They ignore the implications for emissions of technologies that are not yet demonstrated to function on a prototype scale (SRES, Box 4-9, p. 216).

The SRES authors recognise that by 2100 we could have hydrogen-powered fuel cell cars that could generate electricity when parked, dispensing entirely the need for centralized power plants and utilities’ (SRES, p. 217) – but none of the emissions projections seem consistent with such a possibility.

Even the lowest of the SRES projections assumes that fossil fuel CO2 emissions in the second half of the century will on average be comparable with 1990 levels. Why? Chakravorty et al (1997) found that if the price of solar energy maintained its recent rate of decrease there would be a massive substitution of fossil fuels by solar energy, beginning in the 2030s and ending in the 2060s, with 98.5% of all coal reserves never being used because solar power had become cheaper (quoted in Lomborg, The Skeptical Environmentalist, p. 286).

In that case, fossil CO2 emissions in the closing decades of the century could be nil.

This is not to say that such a development is probable. But its canvassed in a paper published in a leading peer reviewed journal (Journal of Political Economy, 105(6): 1, 201-34), so it’s part of the range that should have been (but isn’t) covered by the IPCC scenarios.

There is no reference to Chakravorty et al in the IPCC reports.

With respect to ABARE, the Chairman of the IPCC, Dr Pachauri, said in his Note on Emissions Scenarios for use by the IPCC (submitted to the IPCC plenary meeting in Delhi in November 2003) that he was in contact with relevant groups, such as the Australian Bureau of Agricultural and Resource Economics (ABARE) concerning possible [focused meetings and workshops on emissions scenarios] that are likely to be held in 2004. Hom Pant and Brian Fisher of ABARE subsequently (February 2004) presented a paper to a Stanford Energy Modeling Forum (EMF) workshop in which they said that The use of MER by IPCC remains valid and the critique by Castles and Henderson cannot be sustained. Later in 2004 Brian Fisher was selected by the IPCC as Coordinating Lead Author of the Chapter that is to review the criticisms of the SRES.

The EMF paper was published by ABARE, but so far as I know it has not been peer-reviewed.
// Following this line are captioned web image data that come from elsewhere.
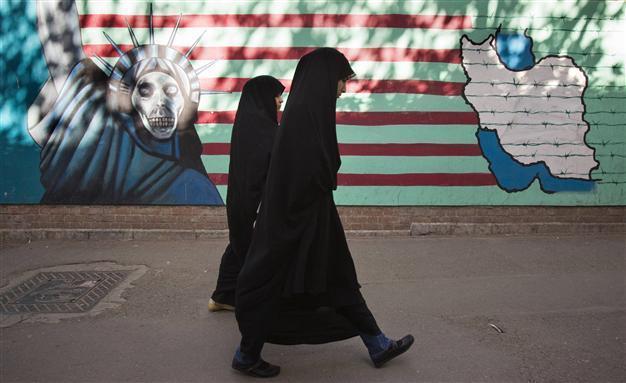 Iranian girls beat up cleric after he warns them to cover up
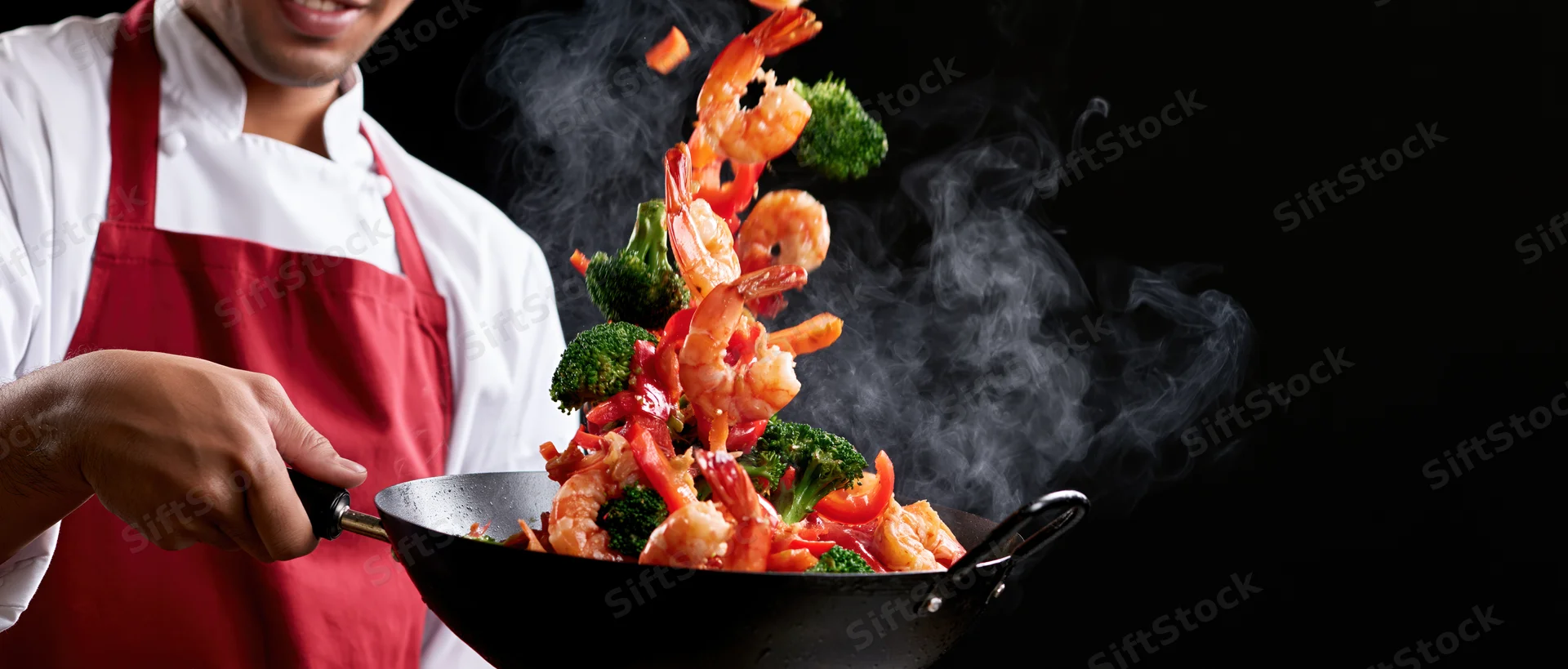 Chef tossing shrimp stir-fry in a wok with broccoli and steam against black background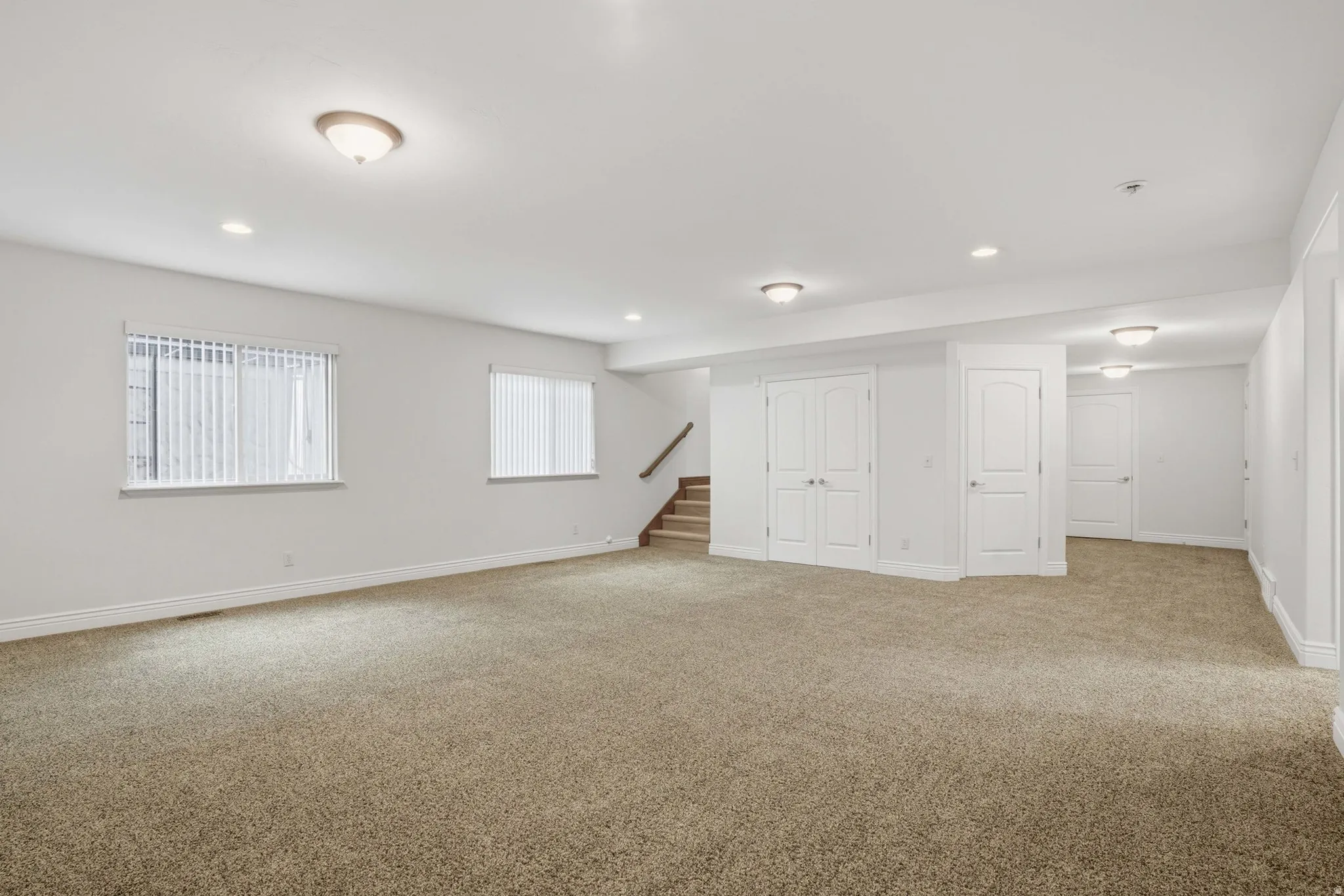 Below grade area with carpet flooring and recessed lighting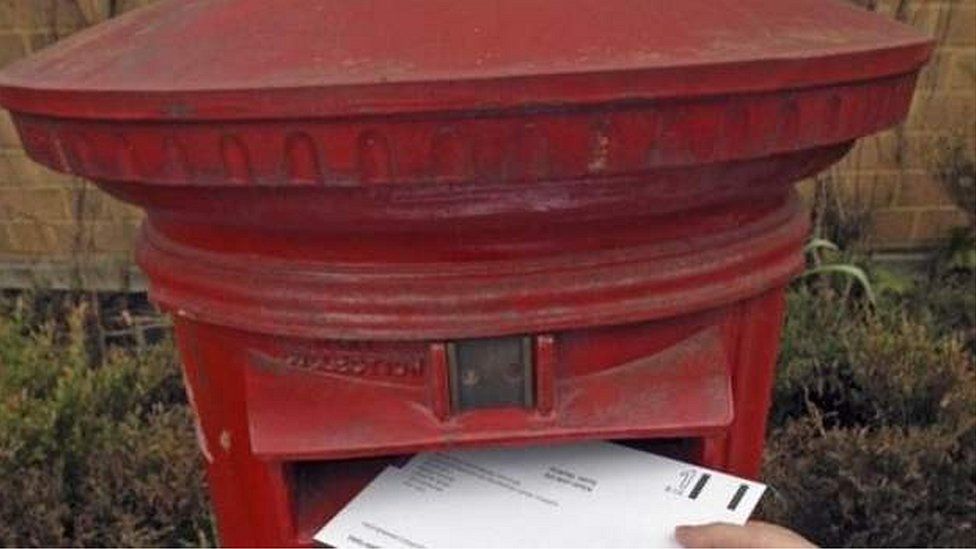 Postal ballot being put in letter box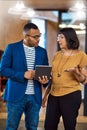 Tablet, team or business people talking in office with ideas, internet and diversity. A professional man and woman Royalty Free Stock Photo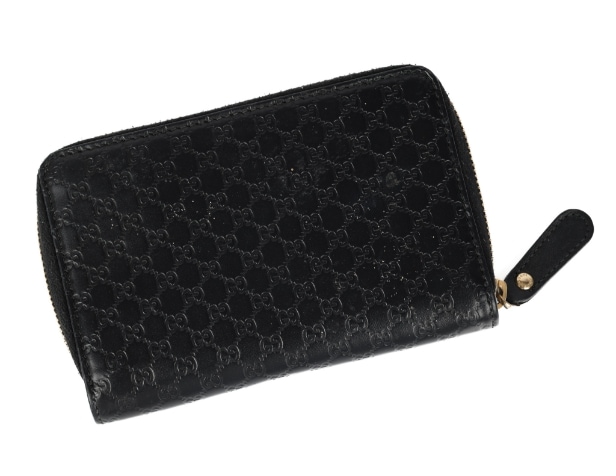 Gucci: A zipped wallet of black microguccissima embossed leather. Model 449423.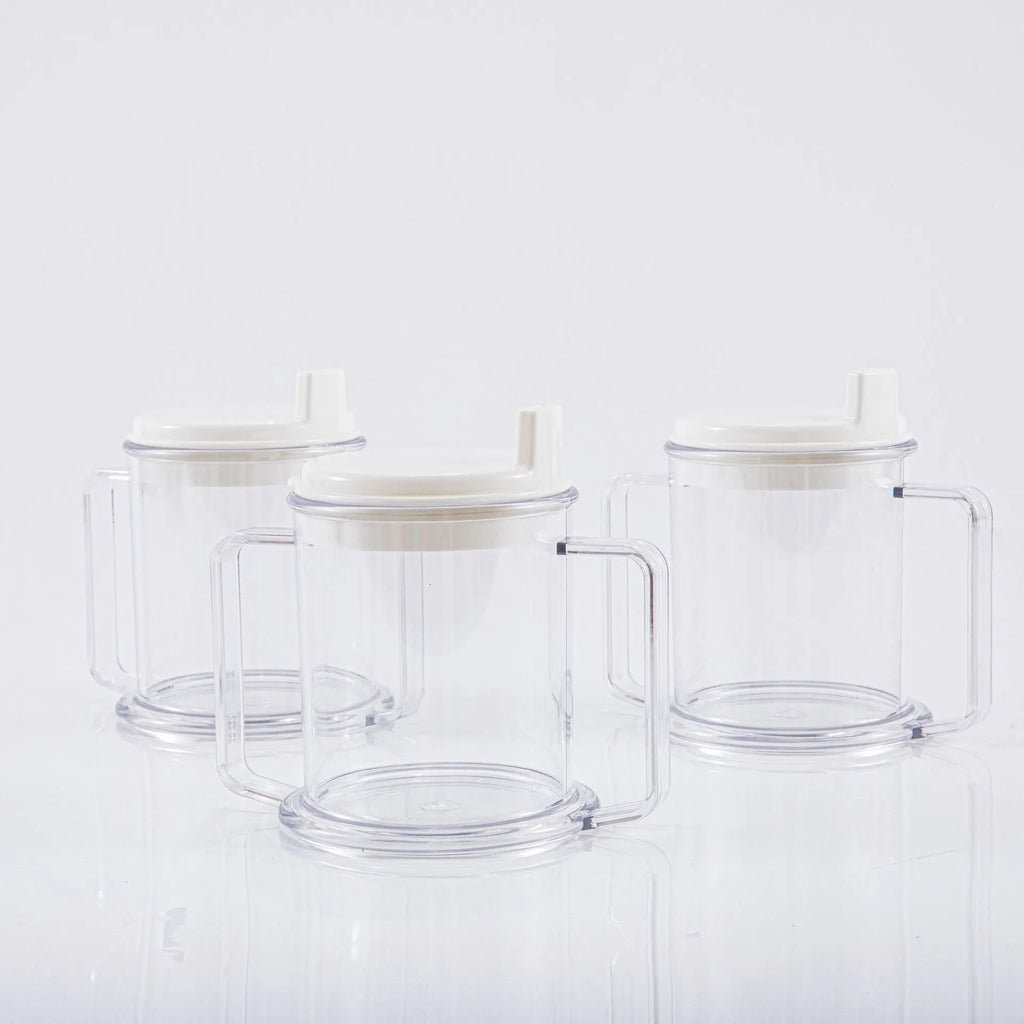 Transparent plastic drinking cup with a black spill-proof lid on a white background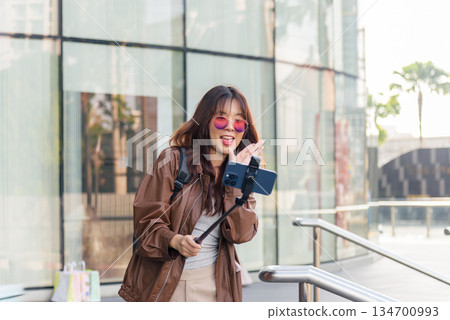 Asian woman enjoys shopping, people embrace fashion lifestyle with shopping bags, vlogging near modern mall, holding phone on stick, posing outside city building 134700993
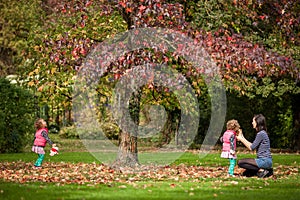 Mother and identical twins having fun under the tree with autumn leaves in the park, blond cute curly girls, happy family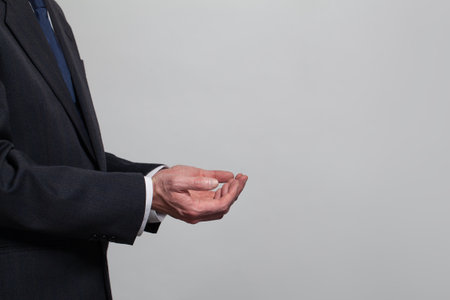 A man in a suit is holding his hands out.の写真素材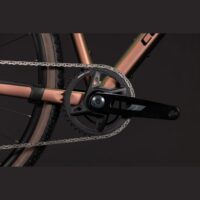 Close-up of a bicycle crankset with chainring and black crank arm on a copper frame against a dark background.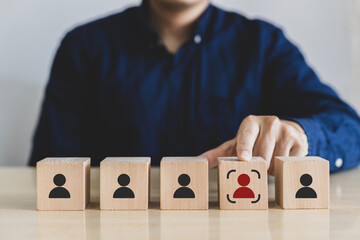 Hand choose red person with focus sign. Human resources management
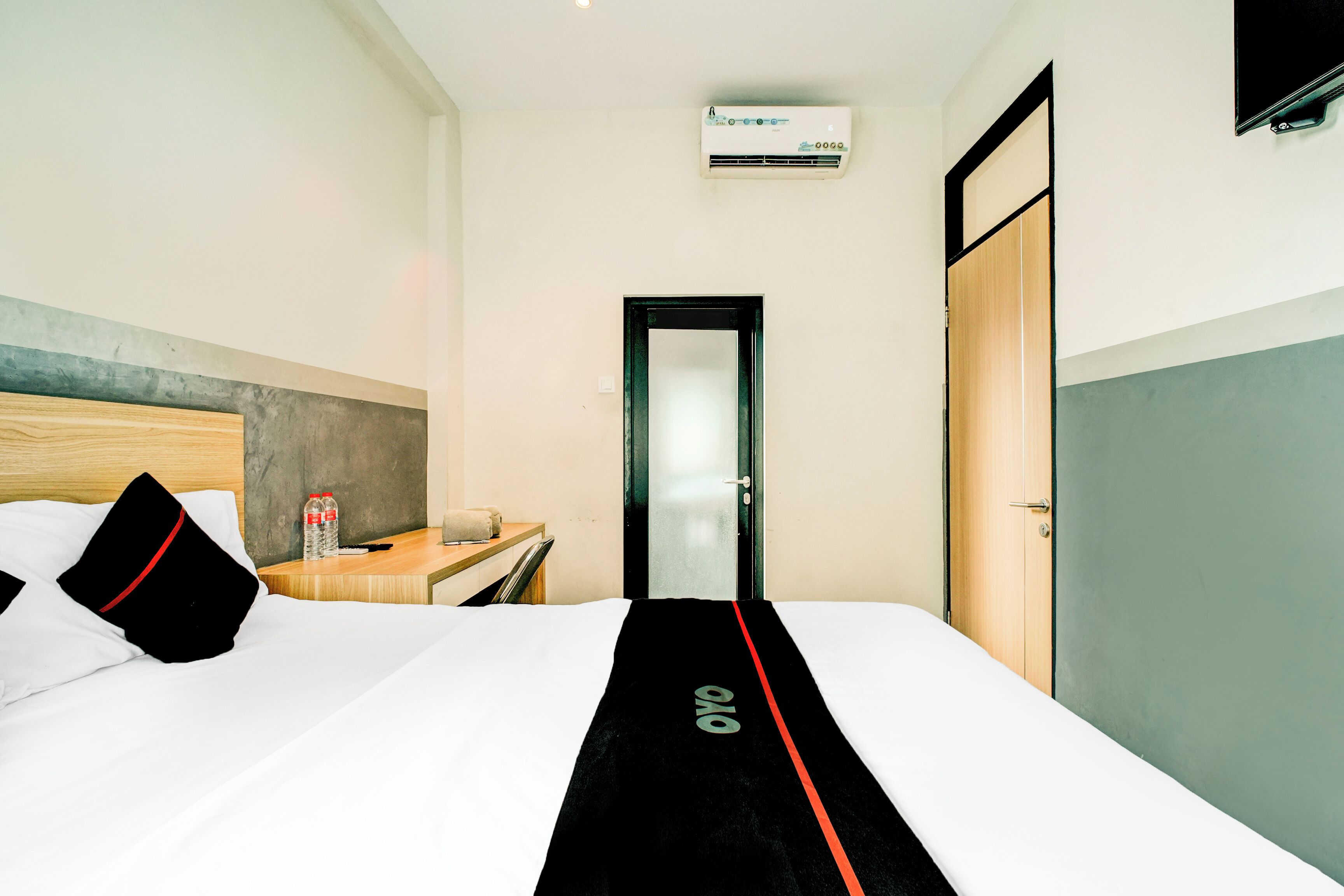 A hotel room with a bed, a wooden headboard, a nightstand with a bottle and remote, a door, and an air conditioning unit.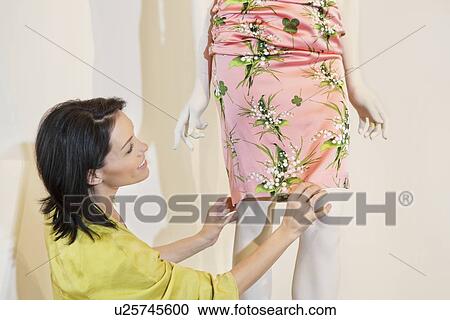 Stock Image - Beautiful mid adult woman adjusting dress on mannequin in fashion store. Fotosearch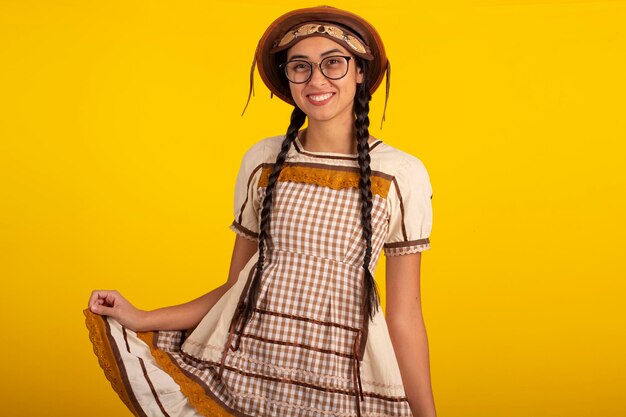 Young woman in a June party dress in a studio photo Festa Junina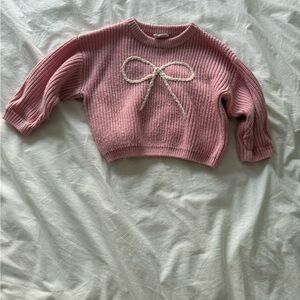Cozy Pink Knit Sweater with Bow Detail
Barrie Pittock cites the assessment of Castles and Henderson in the Pant & Fisher paper in the Notes to his book (to which Rajendra Pachauri has contributed a laudatory Foreword), but he does not mention the contrary views that have been expressed by (among others) Professors William Nordhaus of Yale, Partha Dasgupta of Cambridge, Colin Robinson of Surrey, Warwick McKibbin of the ANU and Peter Dixon of Monash.

In 1995 the Australian learned Academies, led by the Academy of the Technological Sciences and Engineering, said in a joint study that Australia is fortunate in having developed a range of economic modelling approaches that enjoy high respect in the international discipline of climate change economics (Climate Change Science: Current Understanding and Uncertainties, p. 80). Three modelling approaches were identified in the joint Academies study: those associated with Warwick McKibbin at ANU, Alan Powell and Peter Dixon at Monash, and Brian Fisher at ABARE.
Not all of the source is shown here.